Aside from this issue, catastrophic indemnity insurance continues to be confused with dread disease insurance. Let's insure cancer, but not indigestion, would be the general idea. One supposed alternative is: Let's insure illness, regardless of cause. But our goals have become confused; we should be advocating insurance against major health costs, regardless of medical cause. When you come right down to it, the underlying reason behind all this medical investigation of claims, is to prevent providers and patients from milking the insurance company. And a better way to accomplish that is to have the patient pay cash and be at subsequent risk seeking re-imbursement for his payment. The relative cost of the two approaches needs to be re-studied. In particular, it would be important to seek ways to separate direct from indirect costs, since the system of burying research in indirect overhead essentially makes research and teaching into beneficiaries of reimbursement abuse. In the outpatient area however, the experience of HSAs has been the issue is not a a significant one. For helpless patients in a hospital bed, a more sensible revision of diagnosis-related payment still makes sense.
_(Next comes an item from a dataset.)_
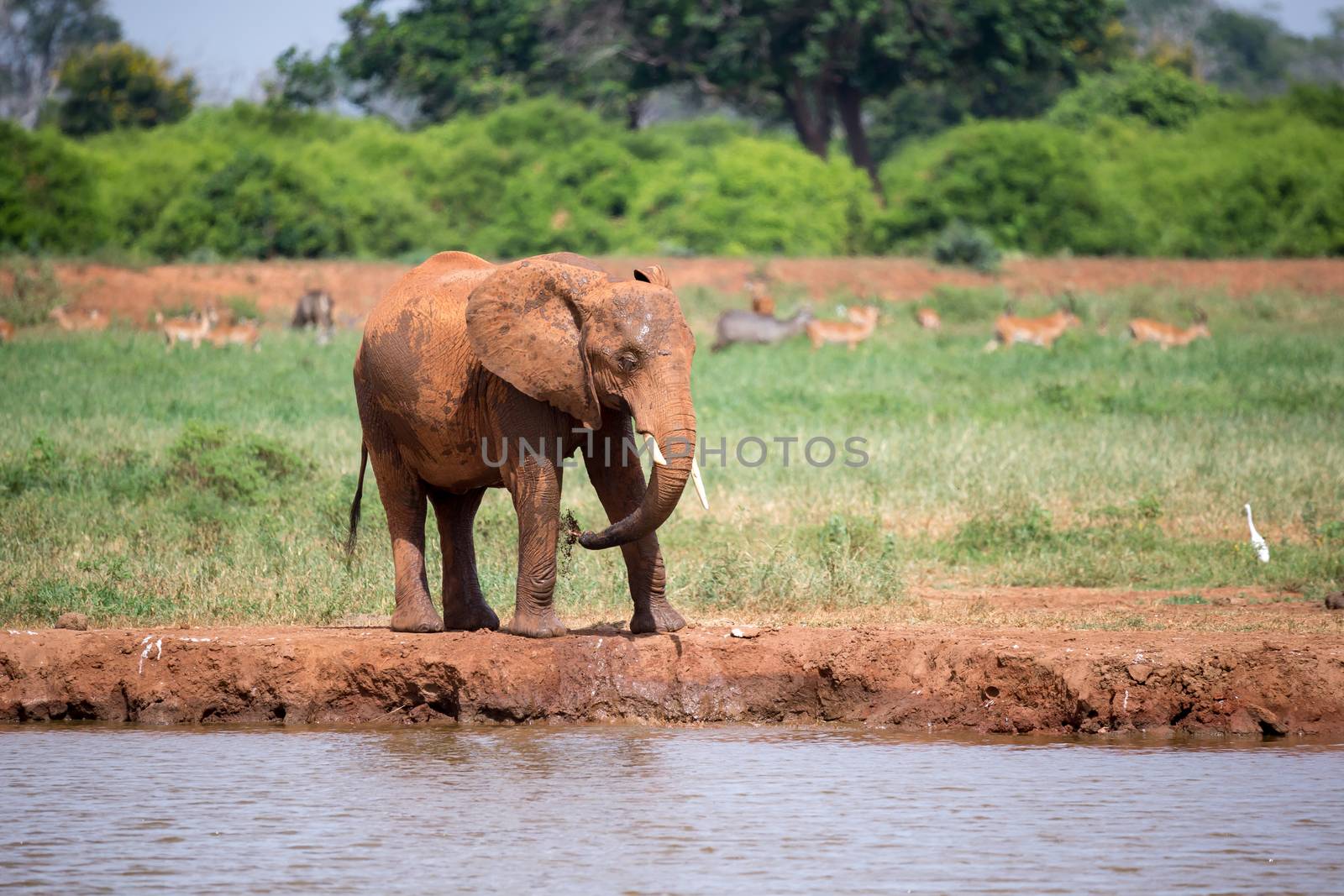 A red elephant is drinking water from the waterhole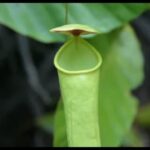Can Pitcher Plants Survive Without Pitchers?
Disability Insurance Has been praised by some as an alternative to funding health insurance, and amounts to concentrating funding into diseases which entail extended disability from employment. It is true the really astounding health costs have usually included a big dose of disability rehabilitation, and in fact organized health groups have concentrated considerable attention to it. However, these efforts have largely been subsidized experiments, and they have yet to demonstrate overall cost-effectiveness, themselves. When teams of six to eight professionals devote up to two months to a stroke patient, the cost can be overpowering at any income level, and only 4% of stroke victims currently receive fibrinolytic therapy. Extending the same generosity to 96% of stroke patients would be ruinous to this approach. Important standard of care conclusions can only be reached when 80-90% are treated, at least in a few regions, followed by 80-90% rehabilitation, followed by observation of the cost effectiveness for some time afterward. You almost don't need to do the experiment.

When the net benefit to the patient is often meager, the question is whether the rehabilitation approach must change or disappear when the current research subsidy does. Extending it to helicopter and police rescue, we do not have even preliminary data to encourage this essentially rehab approach as a cost saver, but it certainly sounds expensive within the present state of the art. The current price of ambulance service suggests this is an area of considerable abuse. At a recent medical symposium on the topic, the audience was asked how many would prefer a disabled outcome in 30%, to dying of the disease, and very few hands were raised. These investigations must be conducted before final decisions can be made, but the early results are a warning. The advanced age of most stroke victims suggests this noble effort at best will not cause much economic improvement, unless the rehab becomes much less elaborate. We hope treatment advances will appear quickly, but national cost effectiveness changes are so far, only partially encouraging.

Home Health Care is also quite expensive, but most people would prefer it to institutional care. At the moment, home health care insurance encounters its main problems from government caprice. If Medicare cannot be depended on, or if a benefit can be removed at the stroke of a bureaucrat's pen, the finances of this sort of insurance will remain precarious. The retirement village is probably a more viable approach, because most of them are located in suburbs, and could also serve the suburb as a partial substitute for hospitals, with doctors' offices, laboratories and radiology serving a dual community. They are not cheap, but are probably cheaper than holding on to oversize, underused, private homes, inconveniently located for medical service. By far the greatest problem with out-of hospital settings is the instability of rulings by insurance companies and governments. Whatever problems the teaching hospitals may have caused, they have historically been reliable in this one.